Education and Public Programs
During the museum’s off-site period, SFMOMA will continue to expand its role as cultural producer and catalyst for creativity through new programs under the direction of Dominic Willsdon, Leanne and George Roberts Curator of Education and Public Programs at SFMOMA.
- Focus on school partnerships
In anticipation of serving a greater high school audience in the expanded building, the Education Department will prototype new partnerships with local San Francisco public high schools, working intensively with cross-disciplinary teams of teachers at selected high schools to engage students in the visual art of our time. Additionally, SFMOMA will continue its teacher training programs that allow Bay Area educators to visit and explore SFMOMA’s off-site exhibitions and installations and develop visual art curriculum in collaboration with museum staff. SFMOMA docents will also lead discussions on modern and contemporary art at off-site program locations as well as classrooms, libraries, and other community centers.

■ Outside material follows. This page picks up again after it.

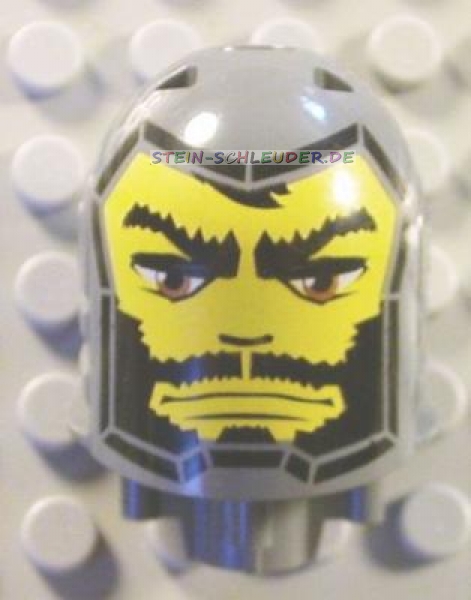 Lego Castle Large Figure Kopf -Sir Santis- (x1132px5)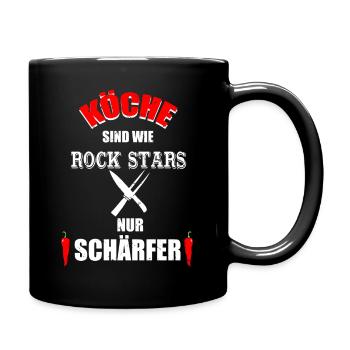 Koch Tshirt Evolution Geschenk Männer Prüfung - Tasse einfarbig - Schwarz - Rechts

- Live projects and public practice
As part of the museum’s On the Go programming, the Education and Public Programs team has presented live projects that provided intensive immersions in the art and ideas of contemporary artists. Through talks, screenings, performances, new artist commissions, workshops, education activities, family programs, and more, the series explored how the work of selected artists opens new and alternative perspectives on who we are and where and how we live. SFMOMA’s newly created area of public practice will continue this focus on engaging artists with the public in partnership with organizations around the city and region during this period and following the building reopening.
About SFMOMA’s Expansion
Since SFMOMA’s founding in 1935, the museum has drawn nearly 23 million visitors, 50 percent of them since moving to its current location on Third Street in 1995. Over the past 17 years, San Francisco’s South of Market neighborhood has grown up around the museum: new hotels, retail, restaurants, and residential properties were built and continue to thrive, all contributing to the tax base and economic vitality of the city. In 2016, SFMOMA’s new home will again transform the neighborhood as a major tourist attraction and as an employer: upon completion of the expansion, SFMOMA anticipates an over 20 percent increase in number of employees, as well as a 20 percent growth in its audiences, which averaged 650,000 annually in the years leading up to the museum’s temporary building closure for construction. The expansion will create more than 1,400 new jobs in construction and related areas, and SFMOMA will be an even greater economic stimulant when it expands its operations and purchases of goods and services from Bay Area businesses.
To date, SFMOMA has raised more than $570 million toward its $610 million capital campaign goal—a total that includes funds for both construction and endowment.